*What is expected*:
Extract, exactly as written, the line that contains "Bulova Automatic Mens Watch" and all lines after it through the end of the records. Omit pictures.

Dataset: Begin

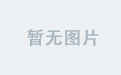 爱游戏首页的社区互动：玩家分享与交流的平台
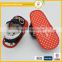 2015 high quality lastest design lovely cheap wholesale sandals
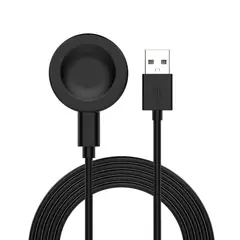 GENERICO - Cargador para Huawei Watch 3 - Gt3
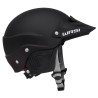 Casco Current Pro WRSI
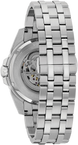 Bulova Automatic Mens Watch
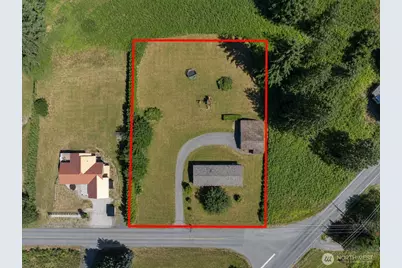 15613 11th Avenue NE, Arlington, WA 98223 - Photo 30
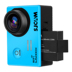 Máy ảnh thể thao SJCAM SJ5000X mini 4K HD chống rung máy ảnh chống nước snorkeling du lịch trên không DV - Máy quay video kỹ thuật số mua máy quay phim Máy quay video kỹ thuật số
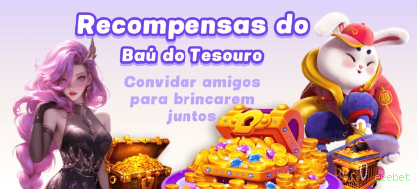 eeebet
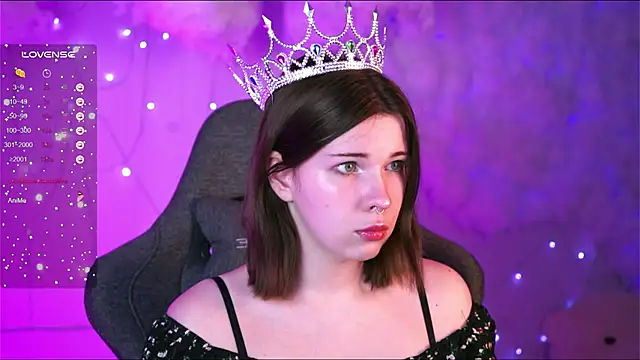 AliceSunday online show from 01/31/25, 05:21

Dataset: End

*Problem solution*:
 Bulova Automatic Mens Watch
 15613 11th Avenue NE, Arlington, WA 98223 - Photo 30
 Máy ảnh thể thao SJCAM SJ5000X mini 4K HD chống rung máy ảnh chống nước snorkeling du lịch trên không DV - Máy quay video kỹ thuật số mua máy quay phim Máy quay video kỹ thuật số
 eeebet
 AliceSunday online show from 01/31/25, 05:21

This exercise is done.